Il en faut dire autant de la grave et hiératique Égypte des historiens grecs : à côté des inscriptions historiques et funéraires, et d’une littérature sacrée des plus riches, on possède toute une bibliothèque où presque chaque genre littéraire, poème épique, ode, satire, annales, romans, lettres, amplification de rhétorique, traités de morale ou de sciences, instructions judiciaires, rapports de police, registres de comptabilité, etc., se trouve déjà représenté. Quand cette littérature sera mieux connue, on parlera peut-être du siècle de Ramsès II, le Sésostris des Hellènes, comme du siècle de Périclès ou d’Auguste, car c’est surtout au temps de la XIXe dynastie qu’elle a fleuri et s’est largement épanouie. Les noms de Pentaour, d’Amenemapt, d’Hora, sont sortis de l’oubli ; après Pentaour, le plus célèbre des écrivains de cette époque est Enna, qui composa entre autres le roman des Deux Frères, œuvre aujourd’hui connue de l’Europe savante. Un jeune égyptologue, M. G. Maspero, a tracé dans une biographie idéale du scribe Enna le portrait du littérateur égyptien au XVe siècle avant notre ère[1]. Pour acquérir le titre et les fonctions d’un lettré, d’un scribe, dont « le métier prime tous les autres et n’est primé par aucun, » il suffisait d’avoir reçu une éducation libérale.

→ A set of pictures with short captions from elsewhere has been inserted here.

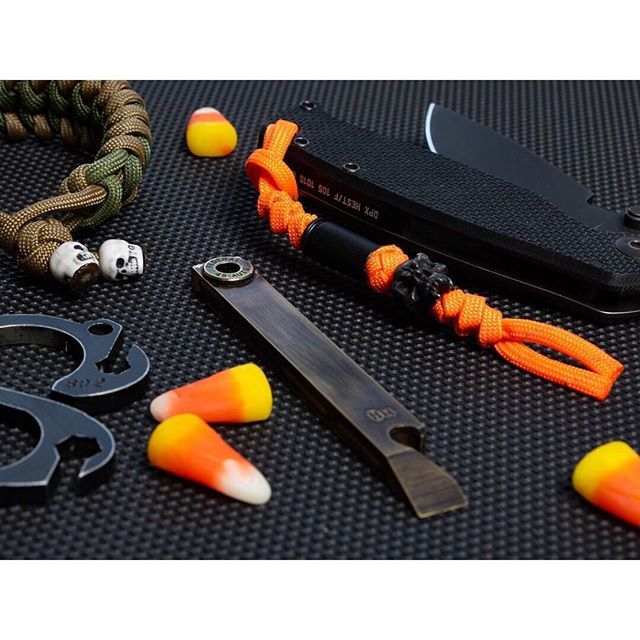 I’m going to miss posting orange halloween style shots. 🎃
.
#dpxgear #dpxhest #brasswerx #bwprybar  #bwlanyard #kochtools #kochsolo #everydaycarry #everydaydump #everydaygear #edcpocketdump #knifecommunity #geardump #knifefanatics #knivesofig #knives… ift.tt/2EPrDJL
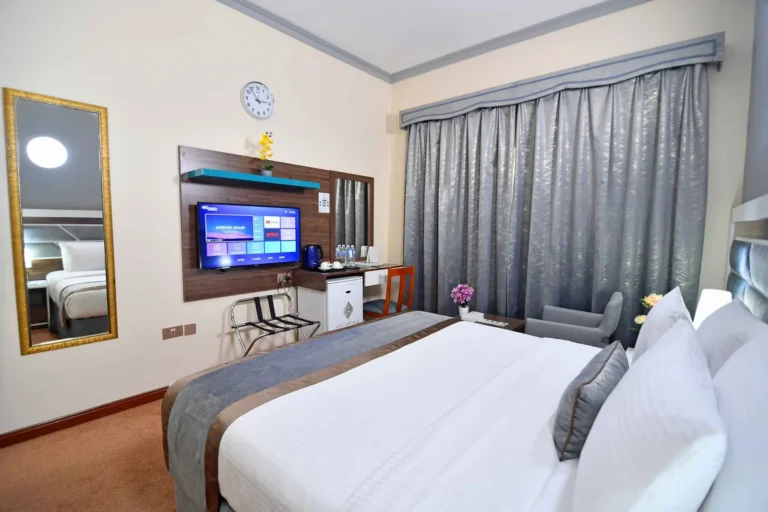 VIP King Room In Sharjah Hotel - Nejoumal emirates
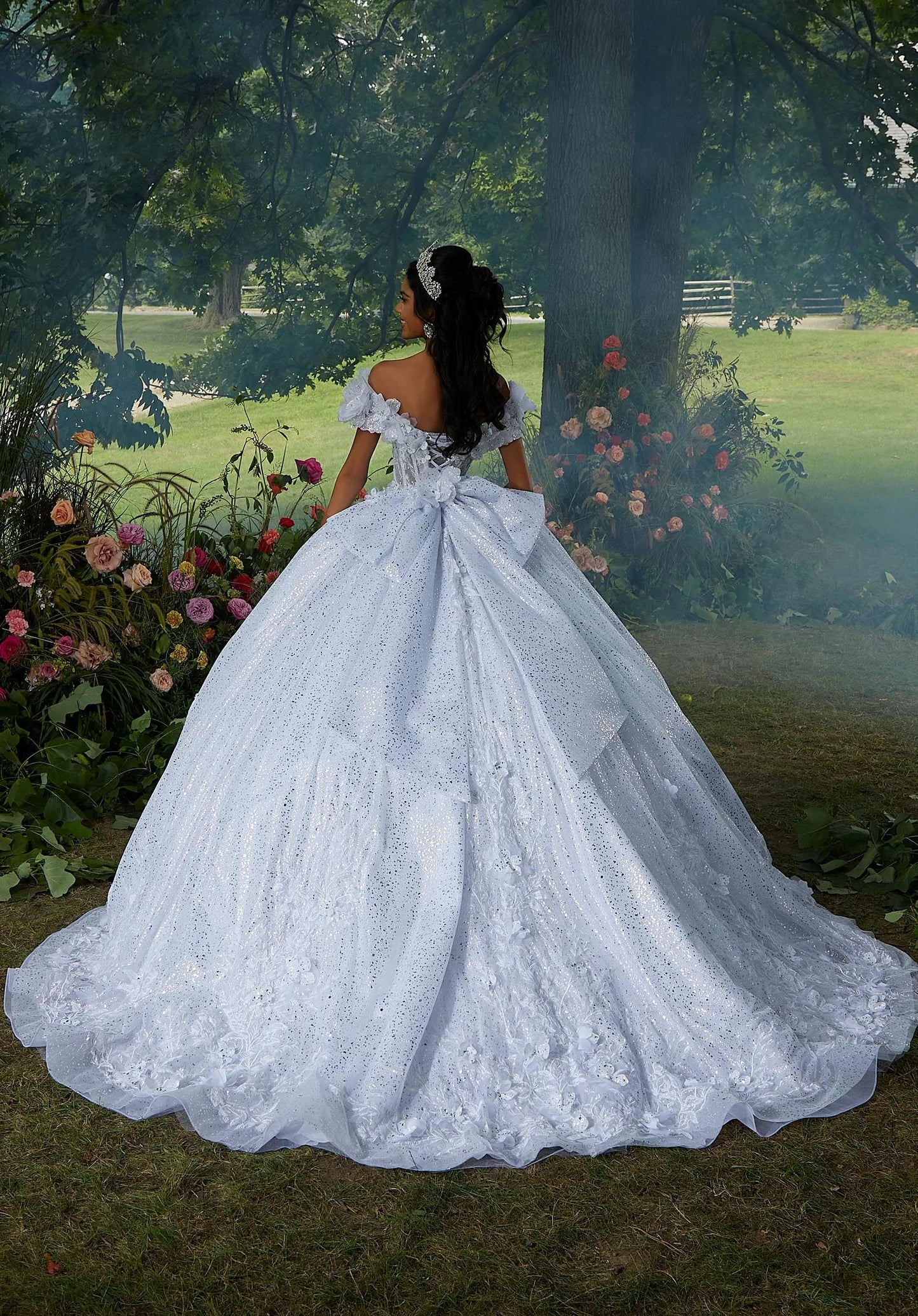 34102 WHITE WITH SILVER 10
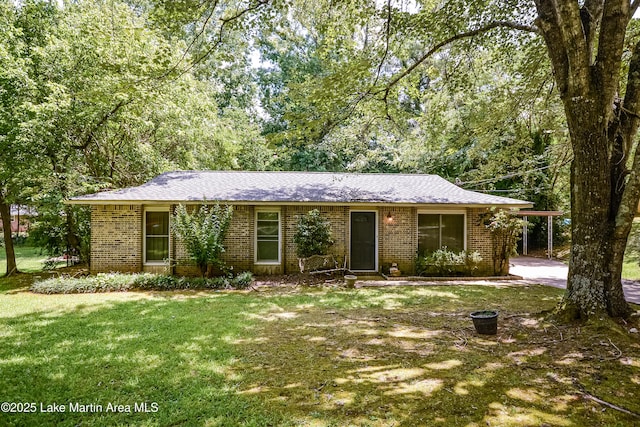 3464 Dobbs Rd, Alexander City, AL 35010 - single story home featuring brick siding and a front lawn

Le fils d’un laboureur pouvait aussi bien que l’enfant d’un prince ou d’un hiérogrammate s’élever à cette dignité, et parvenir ainsi à toutes les charges dans l’administration ou dans l’armée. Le fils d’un batelier du Nil, parti simple soldat, revenait parfois général, décoré du collier d’or de la vaillance. Le régime des castes, les monumens l’attestent, a été fort exagéré par Hérodote et par Diodore. En Égypte comme ailleurs, il y avait des classes, des corporations, où les métiers et les fonctions étaient plus ou moins héréditaires ; voilà

  1. Hymne au Nil, publié et traduit d’après les deux textes du Musée britannique, p. 1-17 ; Paris 1874.